5. method according to claim 1, it is characterized in that: the noise signal of input is carried out band splitting by the self-adaptation component filters group in described step 4, by the component signal that signal decomposition becomes to be positioned on different frequency bands, the feature then for each component signal processes respectively.Self-adaptation component filters is made up of analysis filter and composite filter, input noise signal bank of filters H by analysis _iz () resolves into a series of component signal y _in (), becomes y after the process such as coding, compression, transmission _i' (n), finally by synthesis filter banks G _iz () reconstructs signal x (n); Its analysis filter transfer function H _i(z) and synthesis filter transport function G _i(z), i=1,2 ..., M carries out cosine modulation acquisition respectively by the low-pass filter having linear phase characteristic to.

6. method according to claim 5, is characterized in that: analysis filter H _i(z) and composite filter G _iz the impulse response of () is as follows:

h_{i} (k) = 2 l (k) \cos ((2 i - 1) \frac{π}{2 M} (k - \frac{K}{2}) + {(- 1)}^{k} π / 4)

g_{i} (k) = 2 l (k) \cos ((2 i - 1) \frac{π}{2 M} (k - \frac{K}{2}) - {(- 1)}^{k} π / 4)

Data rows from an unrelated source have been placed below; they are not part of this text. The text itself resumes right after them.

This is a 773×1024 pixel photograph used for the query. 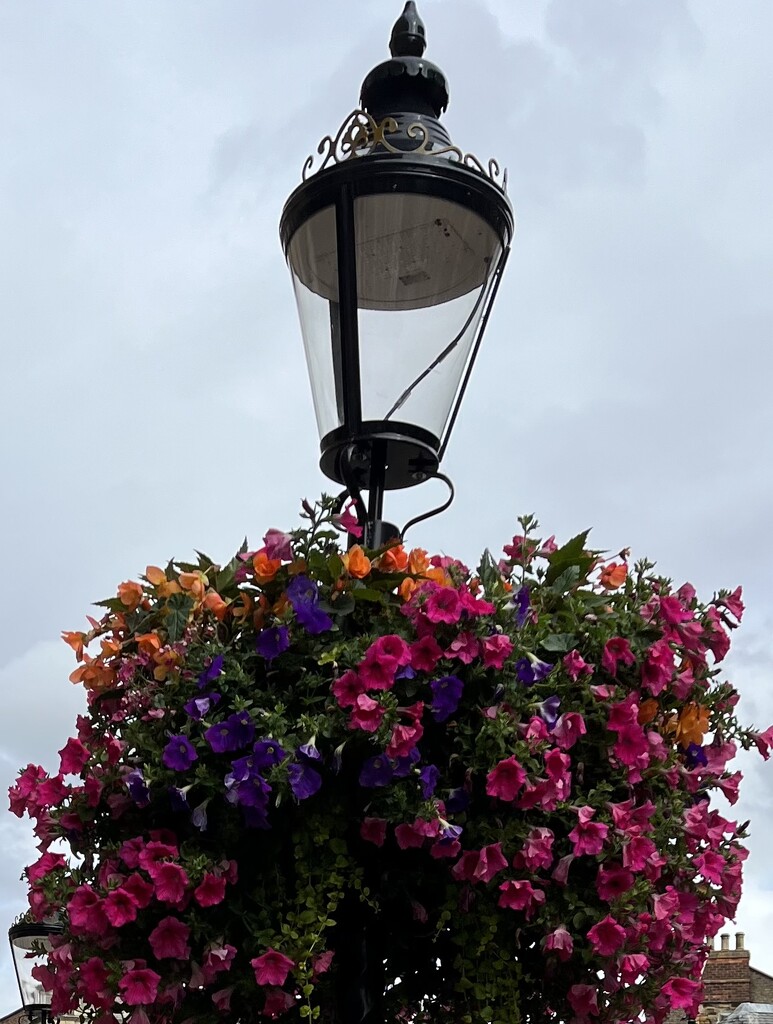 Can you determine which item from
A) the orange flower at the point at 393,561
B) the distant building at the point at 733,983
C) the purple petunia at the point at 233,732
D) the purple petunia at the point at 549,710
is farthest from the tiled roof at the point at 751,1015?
the purple petunia at the point at 233,732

7. method according to claim 1, is characterized in that: in described step 5 coefficient of S filter be according to each Channel Received Signal between auto-correlation and cross-correlation obtain, namely the coefficient of S filter is adaptive change; Noisy speech signal after postponing-adding up obtains the target voice estimated signal under minimum mean square error criterion after Wiener filtering.